Thx jtx for being on topic. I confess I haven't searched at all. I haven't learnt yet how to. I don't want to invite anybody to spend hours searching but maybe someone remembers spontaneously.
And off topic. Yes jts I understand your objections. I've been reading Ishida's joseki dictionary. Often he refutes a sequence as bad. But I tend to remember the sequence; not that it is bad.

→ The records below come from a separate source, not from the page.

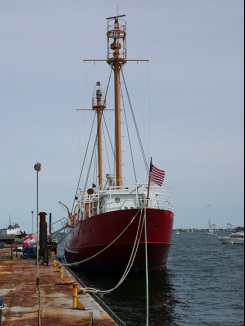 Nantucket Lightship/LV-112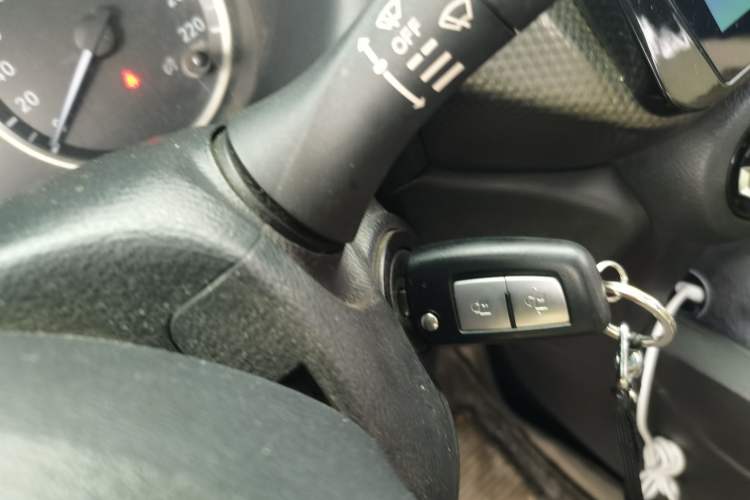 Used Nissan Kicks 2017 1.5L CVT Cool Enjoy Edition Vehicle Key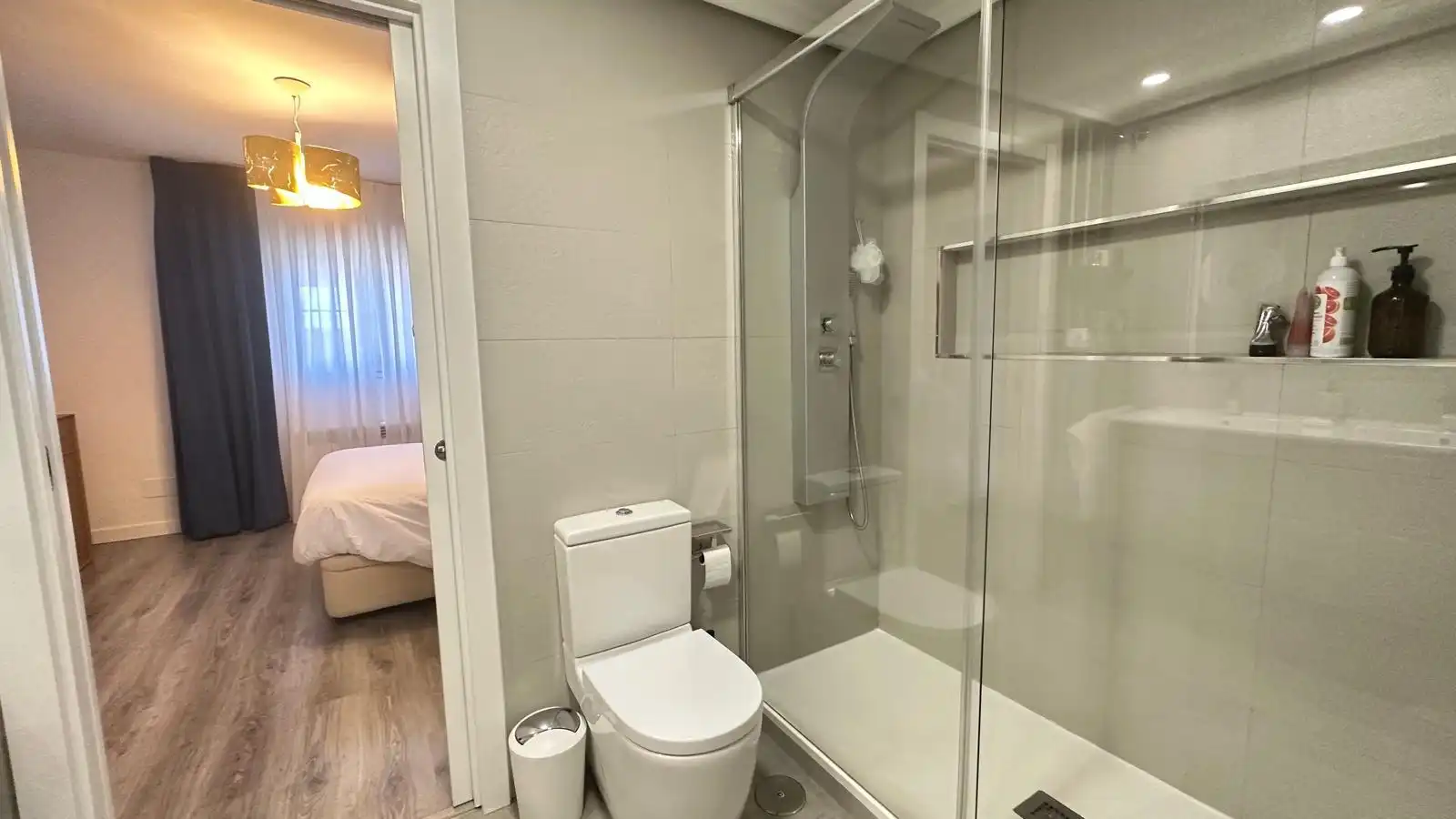 Bathroom of Detached homes for rent in Alcorcón  with Air Conditioner, Heating and Private garden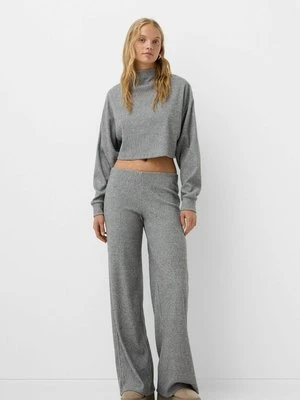 Sweter Bershka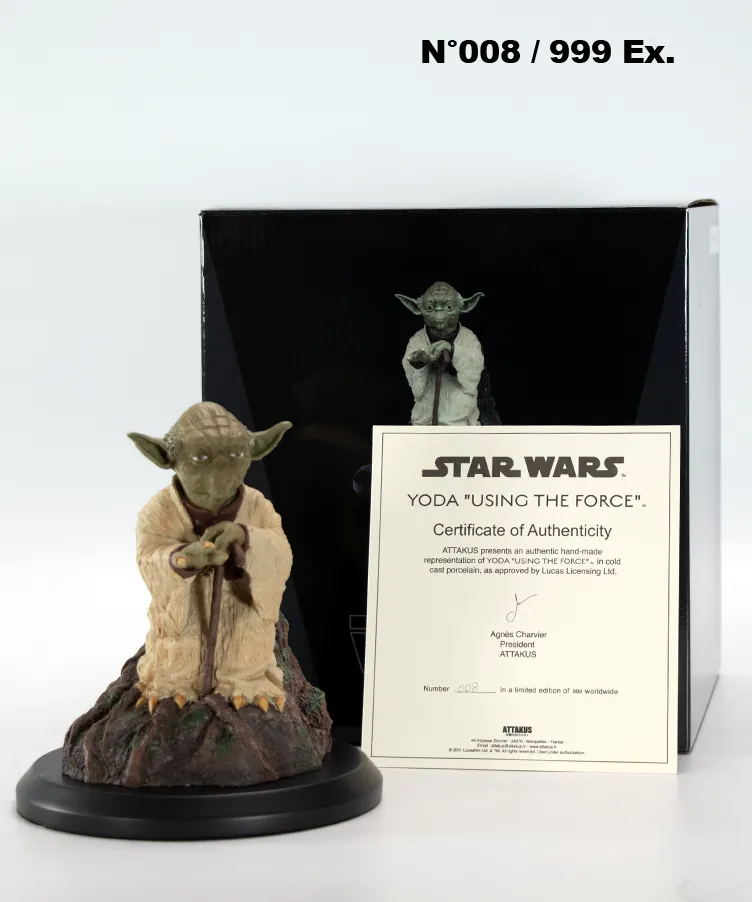 Attakus Classique Yoda Using The Force 16 cm résine
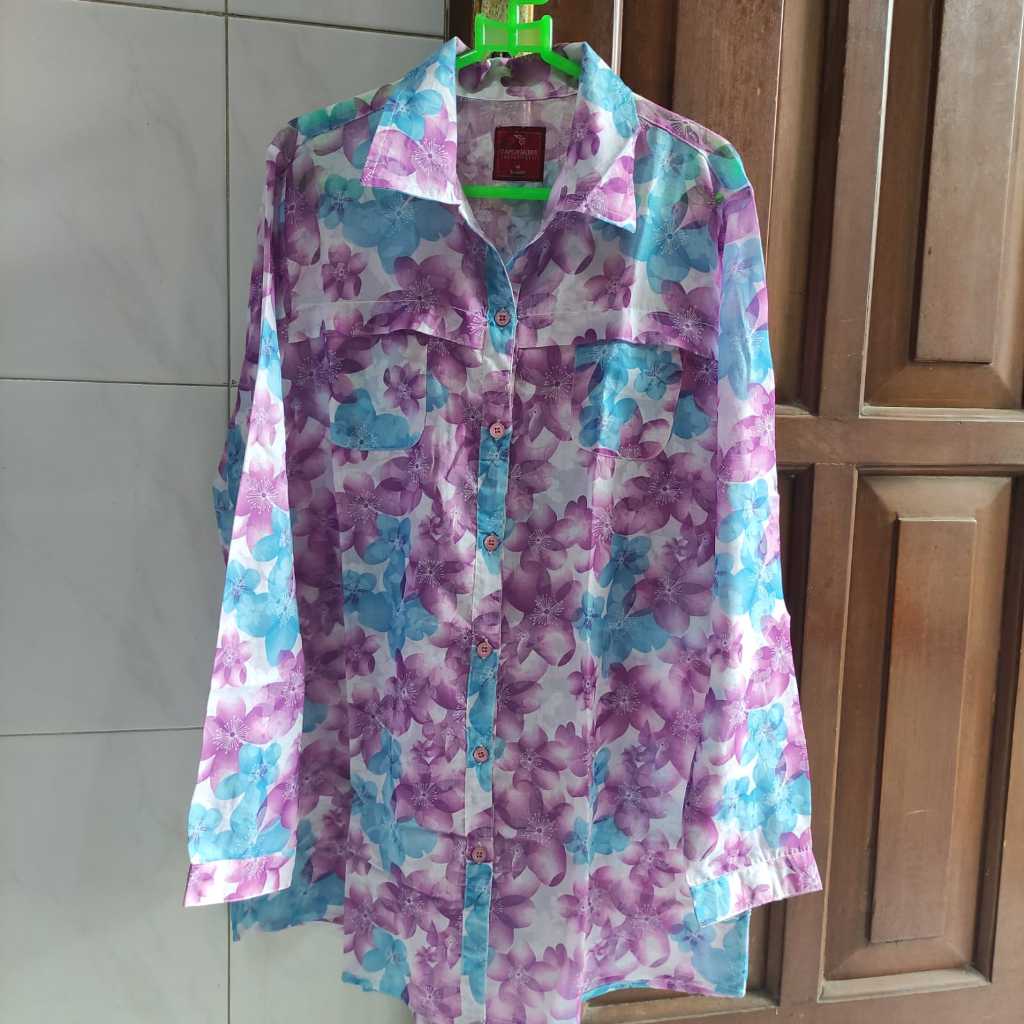 [PRELOVED] Blouse Kemeja Motif Bunga by Caesar Ladies Warna Purple Blue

For all: Sadly I leave this thread to you to fill in the topic as you want. :sad:

Re: over the edge

Posted: Fri Oct 12, 2012 12:51 pm
by jts
I glanced through six games just to get a first impression of what's normal. I looked at the first first-line move simply, but also for my own curiosity looked for what I considered the first yose first-line move, defining that as "not a move that is a forcing move w.r.t. the life or capture of a group of stones, nor one that is forced in that respect." You can whine about how I defined that, and the line isn't 100% clear, but here is what I found.

#1: 40, 213
#2, 91, 204
#3, 22, 192
#4, 62, none (resignation at 254)
#5, 108, 173
#6, 116, none (resignation at 130)

So I suspect you're right, 150 is a little late, but something later doesn't seem out of the range of possibility.

Re: over the edge

Posted: Fri Oct 12, 2012 2:23 pm
by cyclops
Thx jts for searching. In the game I refer to, W 164 is necessary to make a group alive. It is next to the corner. W166 was also a first line move and also meant for life but it was deemed unnecessary by Yuan Zhou. I guess 164 it is not a bit late but an extremely late first first line move.

Re: over the edge

Posted: Sat Oct 13, 2012 4:22 pm
by ez4u
On topic? How boring... unless you are some sort of data nerd. :D
So the first ~7000 games in GoGoD (i.e. about 10% of the total; from the earliest through 1932) yields the following games with the first play on the side on move 160 or later:
Latest play of stone on first line.png
Latest play of stone on first line.png (108.49 KiB) Viewed 8762 times

Edit: A quick review found 3 missing (including the longest!) so with 70 examples out of about 7000 games, we have about one in a hundred games like this.
And for fun this is the move 205 game...
Click Here To Show Diagram Code
[go]$$Wc Han Xuenyuan - Huang Jilu, ~1730, Move 205
$$ ---------------------------------------
$$ | . . . . . . . . . . . . . . . . . . . |
$$ | . . . . . . . . O . . . . . X . . . . |
$$ | . . . . . X O . X O O X O O . X O . . |
$$ | . O . O O O . O O , X O O X . X X X . |
$$ | 1 X O . . X X X X X X O O O O X X O . |
$$ | . . X X . . . . X O X O X X O X O O . |
$$ | . . X . O . X X X O O X X . X O . . . |
$$ | . O O X X X O O X O . O X . . O . O . |
$$ | . X X O X . . . O O O X X O O . O . . |
$$ | . O O O X X O O . , O X O X X O X O . |
$$ | . . O . O O X . X X X O O X X X X . . |
$$ | . X O O O O X . X O O O X O X . X X . |
$$ | . X X O X O O X . X O O X . X X O O . |
$$ | . X O X X X X X O . O X X . X O X O . |
$$ | . O O . . . . X O . O O O O . O . . . |
$$ | . X . X . . O O X X X O . O . O O O . |
$$ | . . . X O O . X O X X O O X X X X O . |
$$ | . . . X X O . X O . . X X . . . . X . |
$$ | . . . . . . . . . . . . . . . . . . . |
$$ ---------------------------------------[/go]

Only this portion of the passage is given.